Eligible Measure Applicability Fact Sheet

Eligible Measure Applicability Fact Sheet

The Merit-based Incentive Payment System Quality Performance Category Eligible Measure Applicability (EMA) Fact Sheet

The Medicare Access and CHIP Reauthorization Act of 2015 (MACRA) combines many programs into a single system that rewards doctors and other clinicians for better care. You’ll be able to practice like you always have, but you may earn higher Medicare payments based on your performance and when you take part in important activities. There are two ways to participate: the Merit-based Incentive Payment System (MIPS) and Advanced Alternative Payment Models (Advanced APMs).

Under MIPS, there are four performance measure categories that will affect Medicare payments:

  • Quality
  • Improvement activities
  • Advancing care information
  • Cost

This means we’ll look at measures you submit in these four categories about the care you provide. Under the Quality performance category, if you don’t submit enough measures, we’ll use the Eligibility Measure Applicability (EMA) process to see if there may be other measures that you could have reported to show us your performance.

What’s the Eligible Measure Applicability (EMA) process?

We’ll use the Eligibility Measure Applicability (EMA) process to see if there are clinically related measures you could have submitted if you submit:

  • Your quality data through claims or a qualified registry, and
  • Less than the required quality measures for a program year.

For 2017, there are 274 quality measures available. For full participation in 2017, you’re expected to:

  • Submit six quality measures; one of them is required to be an outcome measure, if available. If an outcome measure is not available, then you have to submit a high priority measure. You or your group would also have to meet the data completeness requirement (50% or more of denominator eligible encounters) for each measure submitted; or
  • Submit a complete specialty measure set. All of the measures in a specialty set will be assessed when less than 50% of denominator eligible instances are submitted.

If you or your group submits data on less than six measures, the EMA process:

  • Uses a clinical relations test to see if you could or couldn’t have submitted more measures, including outcome and high priority measures.
  • Adjusts the scoring to accurately reflect how the clinical relations test affected your or your group’s performance.
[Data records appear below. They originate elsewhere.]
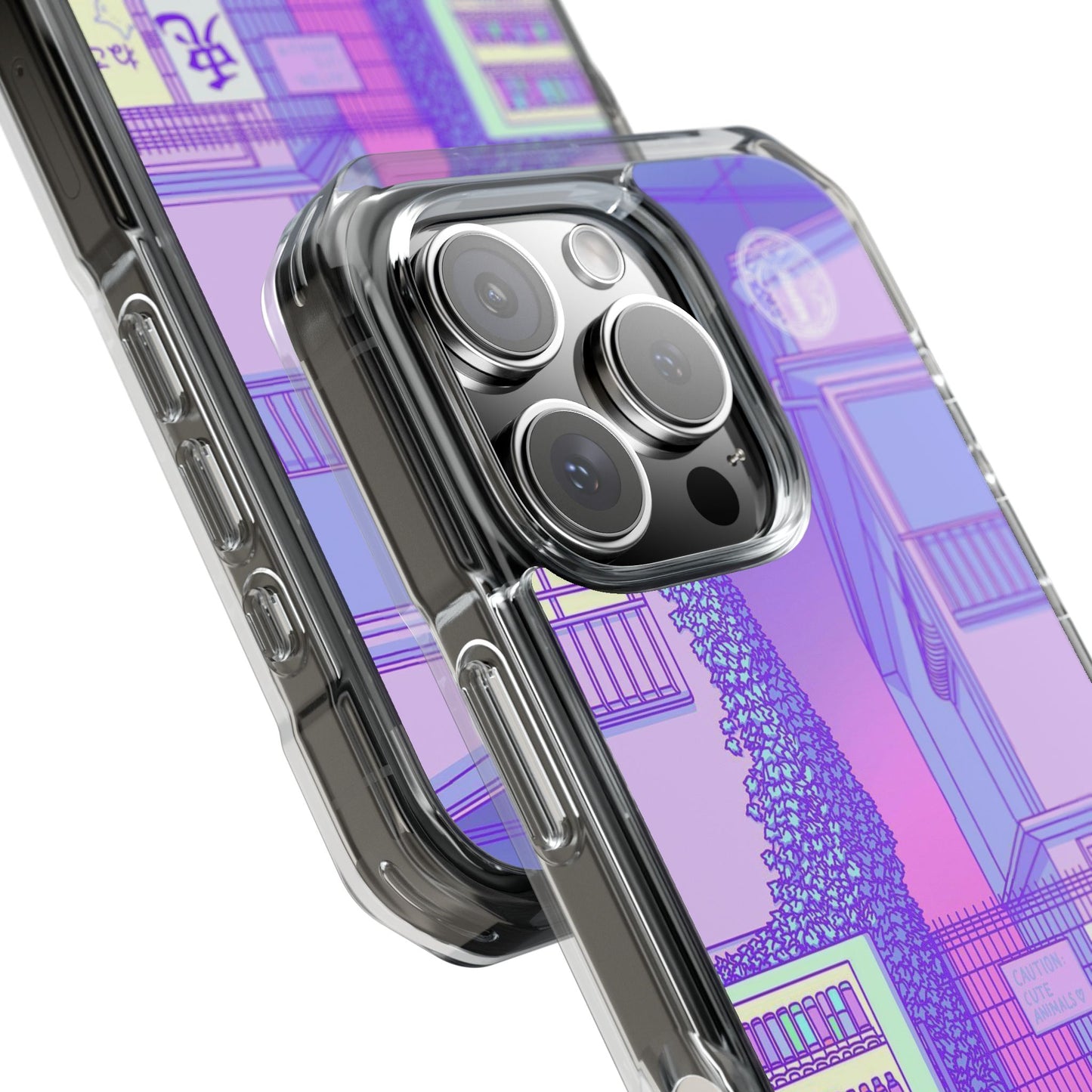 Chill Japanese Aesthetic - Magnet Case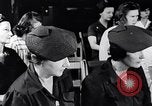 Image of American women war workers United States USA, 1941, second 58 stock footage video 65675028446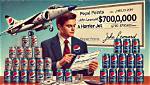John Leonard's Quest for Pepsi's Millions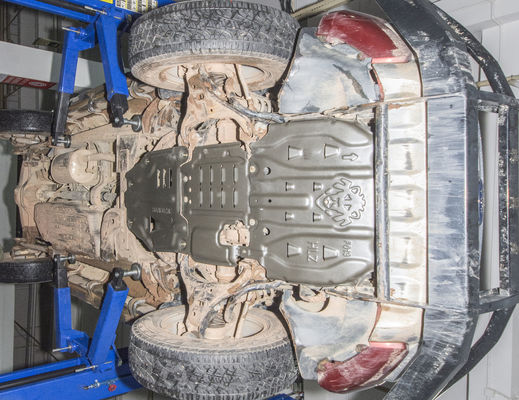 4X4 Offroad Unterkörperplatte Motorschutzschutzplatten Schutzschutzplatte Schlittschutz für JMC Ford Everest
How does the EMA process tell if another measure was available?

There’s a two-step process used to see if more quality measures applied to you or your group. This process is based on clinical relationships related to the measure(s) submitted:

  1. Step 1: Clinical Relation Test sees if there are more clinically related quality measures based on the one to five quality measures you submitted.

    OR

    Clinical Relation and Outcome/High Priority Test if none of the six or more quality measures you submitted are an outcome or high priority measure, this test sees if any are clinically related to an outcome or high priority.

  2. Step 2: Minimum Threshold Test looks at the Medicare claims you submitted to see if there are at least 20 denominator eligible instances for any extra measures found in Step 1. This EMA step only applies to the claims data you submitted. This test is separate from the MIPS requirement that you need 50% data completeness to get a benchmark performance calculation in the 2017 performance year.
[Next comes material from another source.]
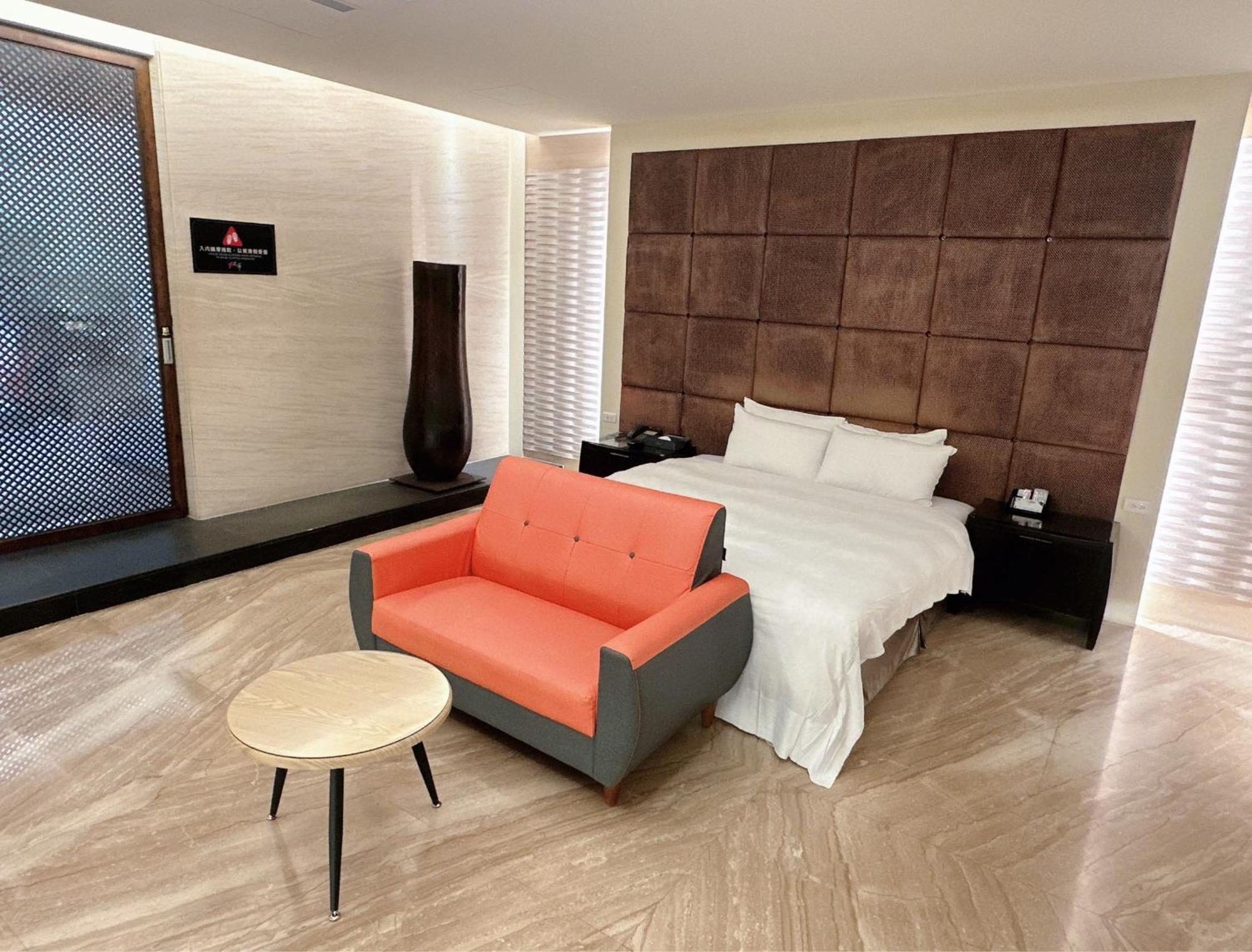 Orient Luxury Villa Motel Huwei Eksteriør billede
Which data submission mechanisms are used with EMA?

The EMA process is only used with claims or qualified registry data submissions. We don’t use the EMA or Qualified Clinical Data Registry (QCDR) and Certified Electronic Health Record Technology (CEHRT) submission because the clinical relationship pattern analysis (previously known as cluster analysis) either doesn’t apply or can’t be done within the current QCDR or CEHRT certification requirements. If you use QCDR or CEHRT to submit your quality data, we won’t check to see if the expected six quality measures should be reduced. Also, we won’t use the EMA for group quality category performance when you submit your data through the CMS Web Interface.
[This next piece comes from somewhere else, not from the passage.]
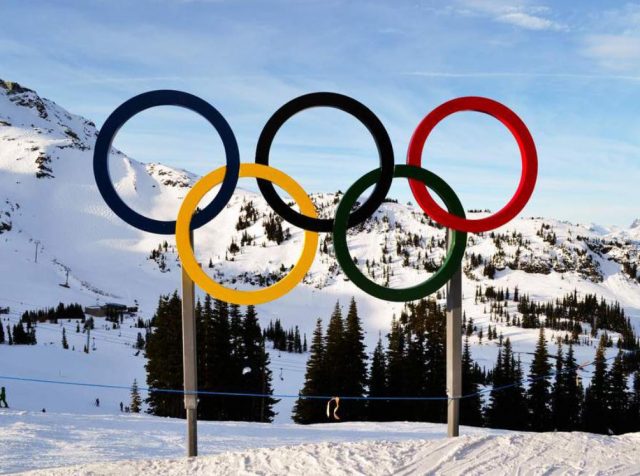 Jogos Olímpicos de Inverno em Sochi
What’s EMA’s impact on the quality category performance calculation and score?

The quality performance category score generally has a denominator of 60 to show the maximum number of measure achievement points for each of the 6 required measures (i.e. 10 points x 6 measures = 60 points)1. If you submit less than six measures or don’t submit an outcome/high priority measure, then the number of required measures may be reduced if EMA finds that there are no more quality measures that you could have submitted. If, based on the 2 steps above we see that you could have submitted more quality measures, the quality performance category denominator will not be reduced and the missing measures (or lowest scored measure for not submitting an outcome/high priority measure) would receive a score of zero measure achievement points.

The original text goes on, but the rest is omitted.